天王はるか/『美少女戦士セーラームーン』
武内直子氏原作の『美少女戦士セーラームーン』は、月野うさぎ扮する「セーラームーン」をはじめとするセーラー戦士たちの戦いを描く物語。アニメの放送がスタートすると当時の女児たちを熱狂させ、誕生から30年が経った今でも多くのファンに愛されています。
原作第三部、アニメ『セーラームーンS』より登場する天王はるかは「セーラーウラヌス」に変身する少女。原作版(と新作アニメ『Crystal』)のはるかは男にも女にもなれる特殊な体質で、一人称も「俺」「あたし」と使い分けて描かれていますが、旧アニメ版ではいわゆる“男装の麗人”として、一人称は「僕」と中性的に描かれています。
ショートカットが似合う美形で、普段は男装をしているはるか。
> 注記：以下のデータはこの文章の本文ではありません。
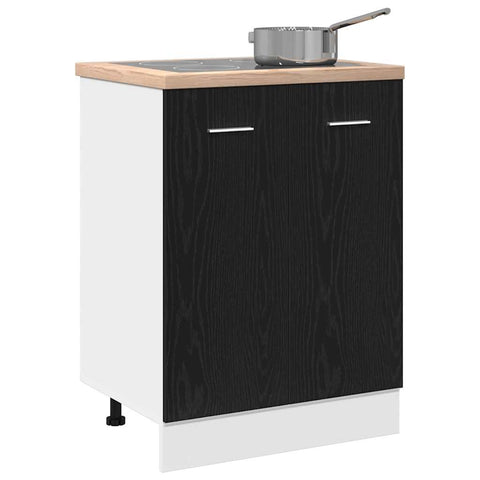vidaXL Bottom Cabinet Black Oak 60x46x81.5 cm Engineered Wood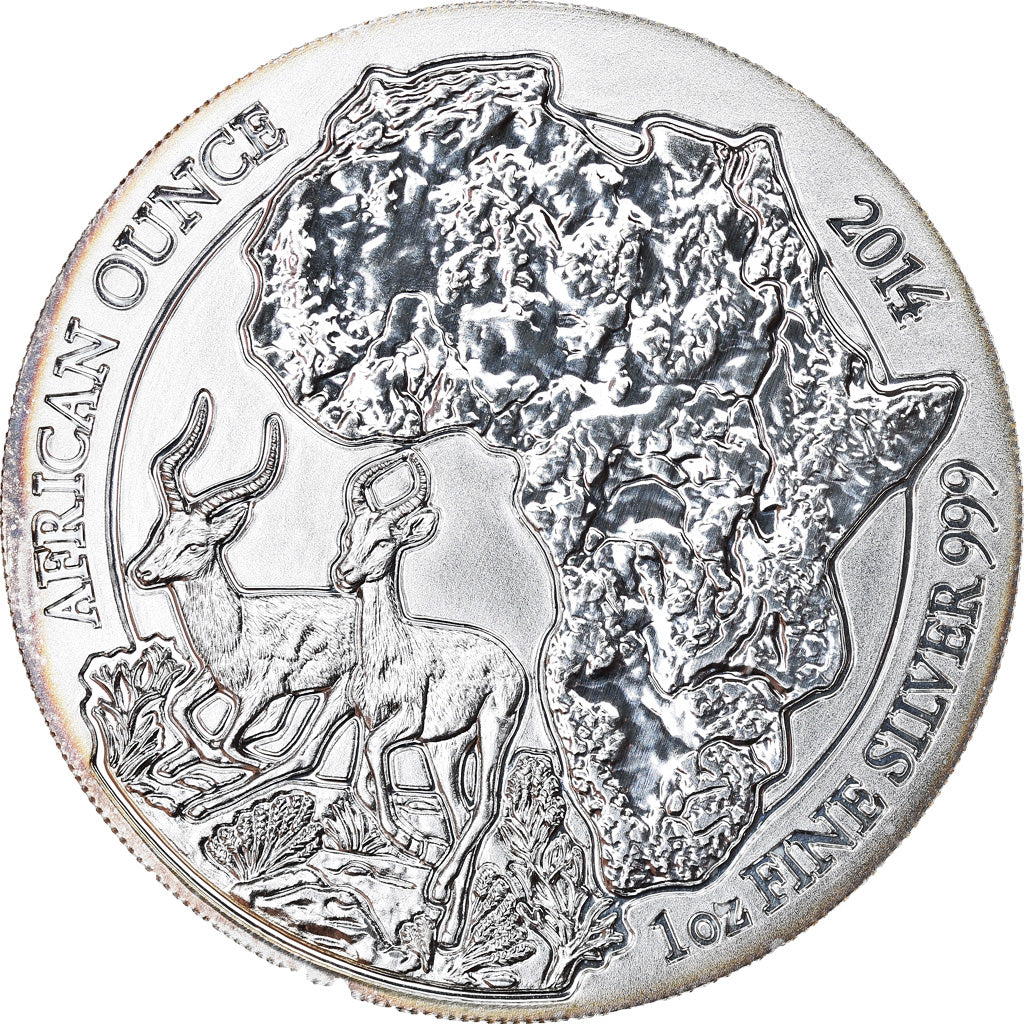 Coin, Rwanda, Impala, 50 Francs, 2014, 1 Oz, MS(65-70), Silver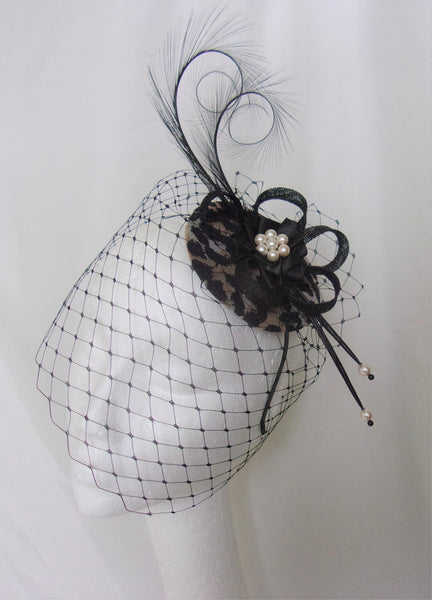 Leopard Print & Black Veil Fascinator Pheasant Curl Feathers Retro Vintage Wedding Percher Fascinator Mini Hat - Made to Order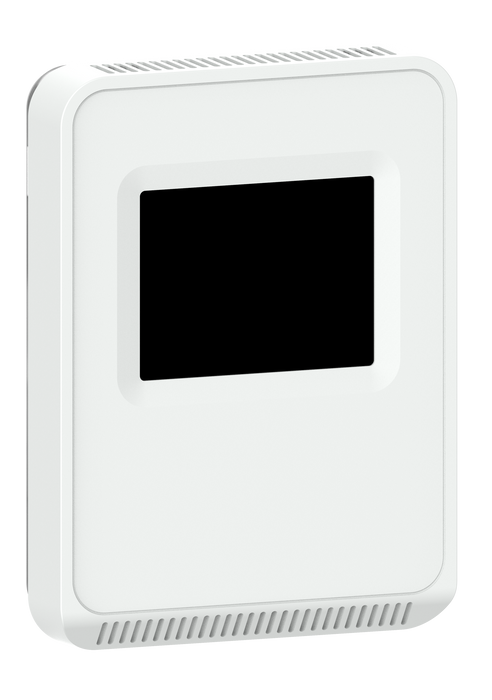 CO2 Wall Sensor, Color Touchscreen LCD Display, Analog Output, No Humidity, 1K Platinum RTD, 0 to 2000/5000 ppm (selectable)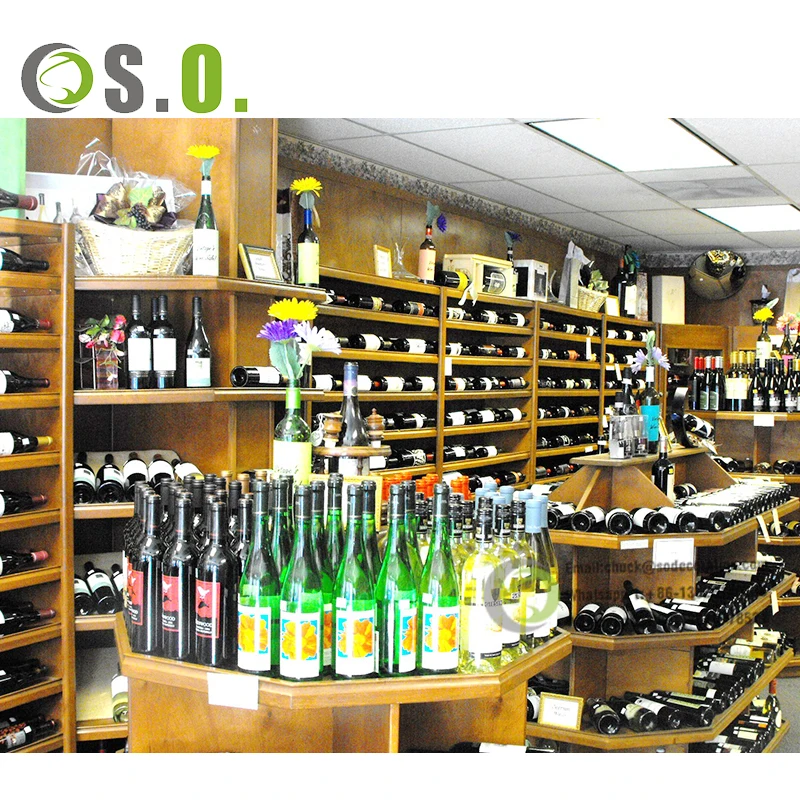 Customized wall mounted wine rack wine display cabinet restaurant liquor store shelves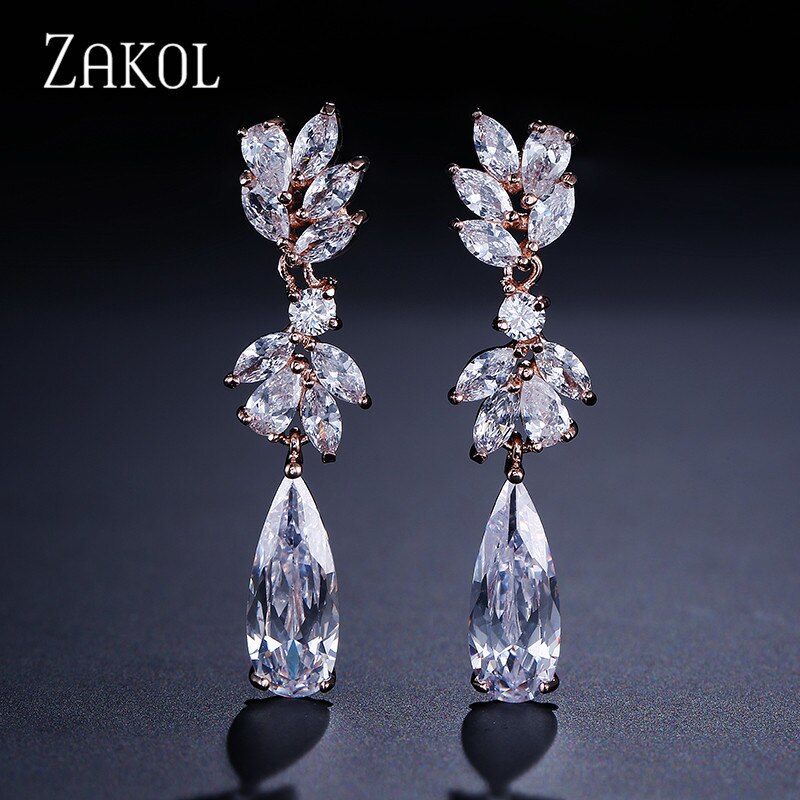 Brincos Nupciais de Zircônia Branca - Zakol Dangle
基本的に振る舞いや口調がキザで、うさぎたちセーラー戦士のことは「子猫ちゃん」と呼ぶなど、プレイボーイなところに女性であってもメロついてしまう……!
さらに、トヨタ2000GTに似たスポーツカーを愛車としていたり(しかも原作版ではフェラーリ!)、陸上競技、バスケットボール、フェンシング、ハンググライダー、モーターレースなどあらゆるスポーツが得意なうえにピアノも弾けるという才色兼備っぷり。憧れずにはいられない要素をぎゅっと詰め込んだ存在は、さながら宝塚男役や女子校の王子様のようなんです。
すらりとした手足があらわになるセーラー戦士姿もまた美しく、思わず見惚れてしまいます。もちろん、セーラー戦士としての戦闘力も抜群。
公私ともにパートナーである海王みちる(セーラーネプチューン)とのどこか大人っぽく、深い絆で結ばれた唯一無二の関係性もまた萌えポイントです。
ヤマト/『ONE PIECE』
尾田栄一郎氏原作の『ONE PIECE』は、海賊王を目指すモンキー・D・ルフィとその仲間たちの冒険を緻密な伏線と壮大な世界観で描き出す漫画作品。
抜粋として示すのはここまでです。